Bien qu'elle se place entre 1885 et 1889, cette BD veut avant tout parler de la révolution de 1870, dénommée "la Commune". Et pour cela, Bourgeon nous raconte d'abord la rencontre de deux femmes. La première est Zabo, l'héroïne du précédent "cycle du Bois Caïman", qui est venue en France à la fin du règne de Napoléon III et qui a participé à l'insurection de 1870. Elle a été déportée en Nouvelle Calédonie puis grâciée par la 3ème République quelques années après. Au début du récit, elle recueille chez elle Kervi, une paysanne bretonne qui n'a pas suivi d'école, qui ne parle que son patois et qui survit comme elle peut dans les faubourgs parisiens. Elle est poursuivie par son ancien souteneur qui veut la punir ... et c'est en fait l'unique et ténu fil narratif de ce premier album.

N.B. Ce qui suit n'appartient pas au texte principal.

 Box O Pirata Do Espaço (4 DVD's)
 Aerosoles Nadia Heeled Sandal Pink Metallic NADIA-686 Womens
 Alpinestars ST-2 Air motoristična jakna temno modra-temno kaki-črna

Mais que se passe t-il alors, dans cette BD ? Peu de chose, en fait ! On rencontre de nombreux personnages (pas toujours identifiables) qui parlent, et qui reparlent, presque toujours de la Commune et de ses malheurs, de ses massacres, de ses anecdotes, ou de ses conséquences. C'est une BD très bavarde donc, qui me fait beaucoup penser au "Cri du Peuple de Tardi, une autre BD consacrée elle aussi à la Commune, où les discours (et parfois le prêchi-prêcha) avaient tendance à remplacer une véritable intrigue.

Cependant,
le Sang des Cerises est quand même une BD historique réalisée d'une manière impeccable. Les efforts de documentation sont impressionnants et Bourgeon restitue à merveille les costumes, les décors, les classes sociales et le langage parisien de l'époque. L'œuvre commence par le récit de l'enterrement de Jules Vallès, événement historique mineur de l'époque, et la description des lieux, le défilé des personnages célèbres ou la gouaille parisienne sont restitués avec une remarquable précision. Pour paraphraser la fameuse phrase du maréchal Le Bœuf avant la guerre de 1870, on pourrait dire "qu'il n'y manque pas un bouton de guêtre" ! Le dessinateur connait son métier et nous offre une fresque historique remarquable.

Et puis, le travail graphique est également à la hauteur des attentes. Travaillant généralement avec de grandes cases, et parfois même avec une page entière, Bourgeon alterne à merveille les gros plans expressifs avec les descriptions des lieux parisiens. Les paysages sont séduisants, les couleurs sont comme toujours chatoyantes et l'on s'arrête parfois devant certaines cases qui semblent inspirées, en saisissant une lumière magique ou une beauté fugace,

A la fin de ce premier épisode, les deux femmes prennent le train et Zabo promet à Kervi de lui raconter son histoire. On peut imaginer que ce sera en partie le récit de "la Commune" et que les événements seront plus nombreux dans la seconde partie de cette œuvre qui semble prendre tout son temps. Et si c'était cela la grande intention de François Bourgeon : réaliser un très long roman en BD à la manière d'Honoré de Balzac, ou d'Emile Zola, en consacrant une lente introduction à la description des lieux, de l'époque et des personnages avant de raconter son drame ? La réponse nous apparaîtra dans deux ou trois ans, dans le tome 2 … qui va sûrement se faire un peu attendre.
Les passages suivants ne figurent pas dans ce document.